Stankiewicz P, Parka S S, Holder S E, Waters C S, Palmer R W, Berend S A, Shaffer L G, Potocki L, Lupski J R
Department of Molecular and Human Genetics, Baylor College of Medicine, Houston TX 77030-3498, USA.
Clin Genet. 2001 Nov;60(5):336-44. doi: 10.1034/j.1399-0004.2001.600503.x.

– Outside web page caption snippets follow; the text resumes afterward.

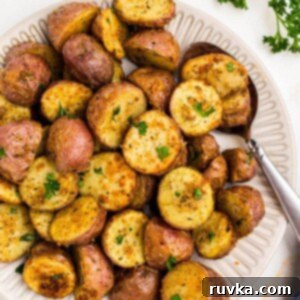 Crispy Air Fryer Potatoes 9 Golden crispy seasoned baby potatoes on a white plate with a serving spoon in the corner of the plate.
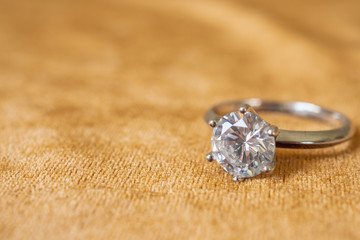 Jewelry diamond ring on golden fabric background close up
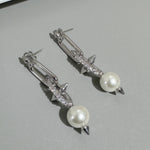 Silver-tone earrings with white pearls, rhinestone bar and bow spike tips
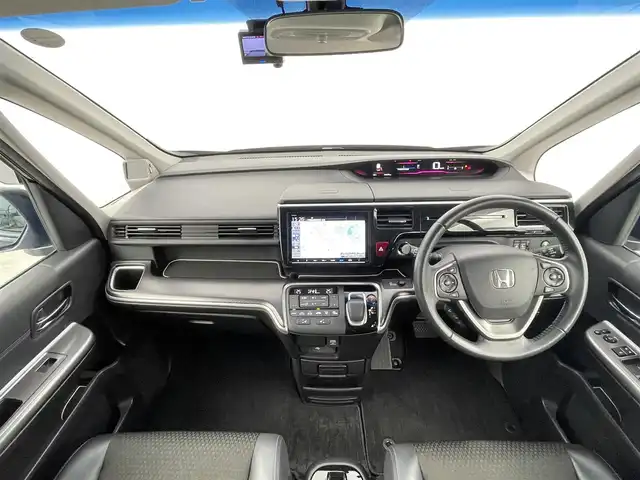 ホンダ ステップワゴン スパーダ eHEV G EXホンダS 千葉県 2020(令2)年 4.5万km プレミアムスパークルブラックパール 純正9インチナビ　VXM-207VFNi/フルセグTV　Bluetooth　CD/DVD/純正10インチフリップダウンモニター/バックカメラ/両側パワースライドドア/ETC2.0ビルトイン/オートライト/ハーフレザー/シートヒーター/ホンダセンシング/・衝突軽減ブレーキ/・レーンキープアシスト/・レーダークルーズコントロール/・誤発進抑制機能/・先行車お知らせ機能/・標識認識機能/コーナーセンサー/クリアランスソナー/パーキングセンサー/ステアリングスイッチ/USB入力/純正アルミホイール/純正フロアマット/わくわくゲート/トリプルゾーンコントロール・フルオートエアコン/スマートキー/プッシュスタート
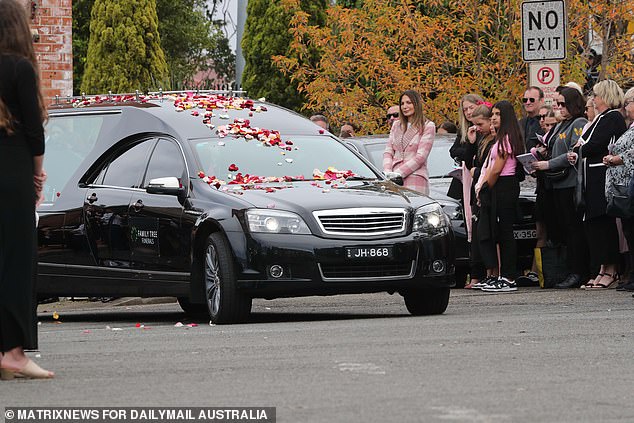 Mourners covered the hearse in petals before it left for the cemetery after the funeral service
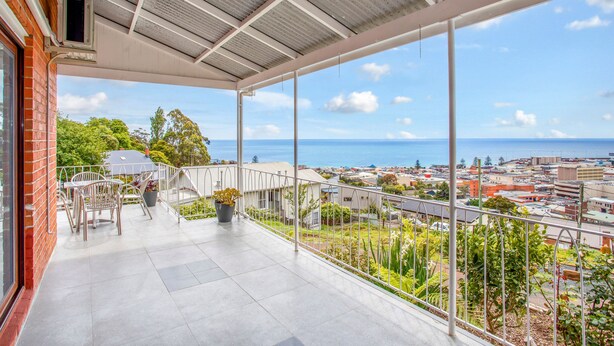 A balcony with a view of the sea and cityscape, featuring a table and chairs, and a potted plant. - Oakleigh House (Burnie)
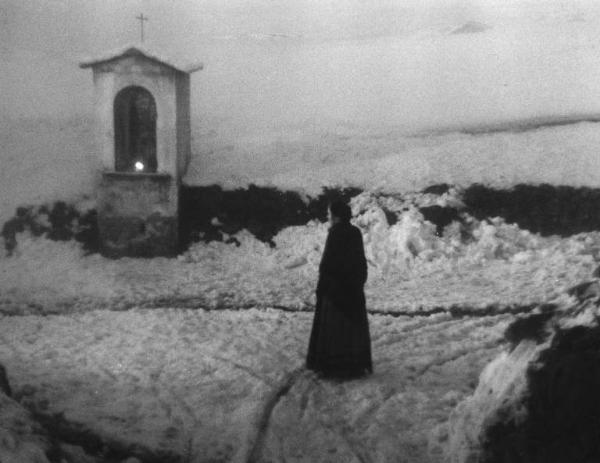 Scena del film "Giacomo l'idealista" - Regia Alberto Lattuada - 1943 - L'attrice Marina Berti sulla neve davanti a un'edicola sacra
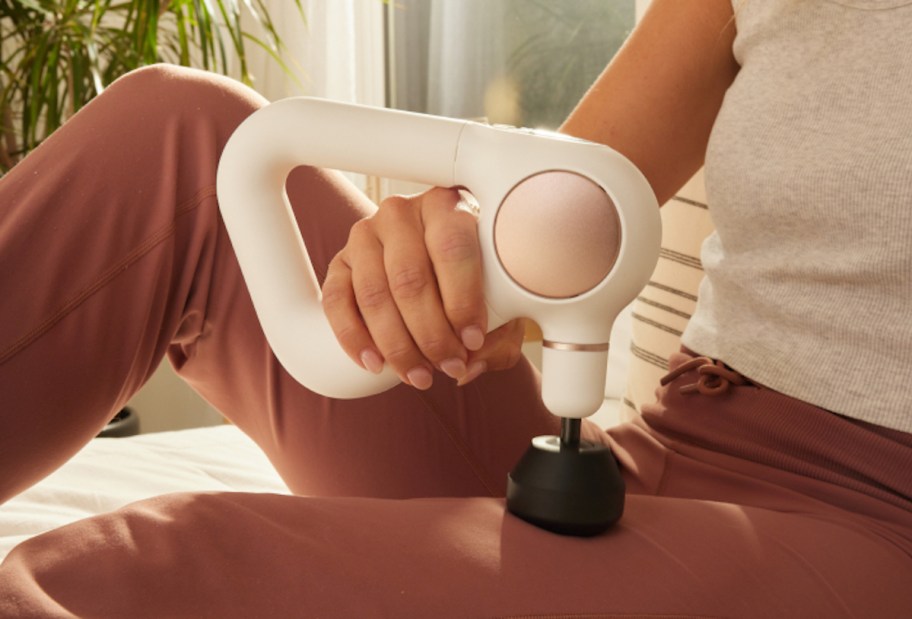 woman holding white massage gun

We report a 5-year-old boy with a small de novo marker chromosome derived from the proximal short arm of chromosome 17. His clinical features include hypotonia, global developmental delay, oval face with large nose and prominent ears, and ligamentous laxity of the fingers. Magnetic resonance imaging of the brain demonstrated mildly delayed myelination. G-band chromosome analysis revealed mosaicism for a small marker chromosome in 85% of the peripheral blood cells analyzed. Fluorescence in situ hybridization and microsatellite polymorphism studies showed that the der(17) was of maternal origin and included genetic material from the 17p10-p12 region, but did not contain the PMP22 gene. One breakpoint mapped within the centromere and the second breakpoint mapped adjacent to the Charcot-Marie-Tooth disease type 1A proximal low-copy repeat (CMT1A-REP). We compare the clinical characteristics of our patient with those previously reported to have a duplication involving the proximal short arm region of chromosome 17 to further delineate the phenotype of trisomy 17pl0-p12.
我们报告了一名5岁男孩,其携带一条源自17号染色体近端短臂的新发小标记染色体。他的临床特征包括肌张力减退、全面发育迟缓、椭圆形脸伴大鼻子和招风耳,以及手指韧带松弛。脑部磁共振成像显示髓鞘形成轻度延迟。G带染色体分析显示,在分析的85%外周血细胞中存在小标记染色体的嵌合体。荧光原位杂交和微卫星多态性研究表明,衍生的17号染色体(der(17))源自母亲,包含来自17p10 - p12区域的遗传物质,但不包含PMP22基因。一个断点定位于着丝粒内,第二个断点定位于与1型遗传性运动感觉神经病A型近端低拷贝重复序列(CMT1A - REP)相邻处。我们将该患者的临床特征与先前报道的涉及17号染色体近端短臂区域重复的患者的临床特征进行比较,以进一步明确17p10 - p12三体的表型。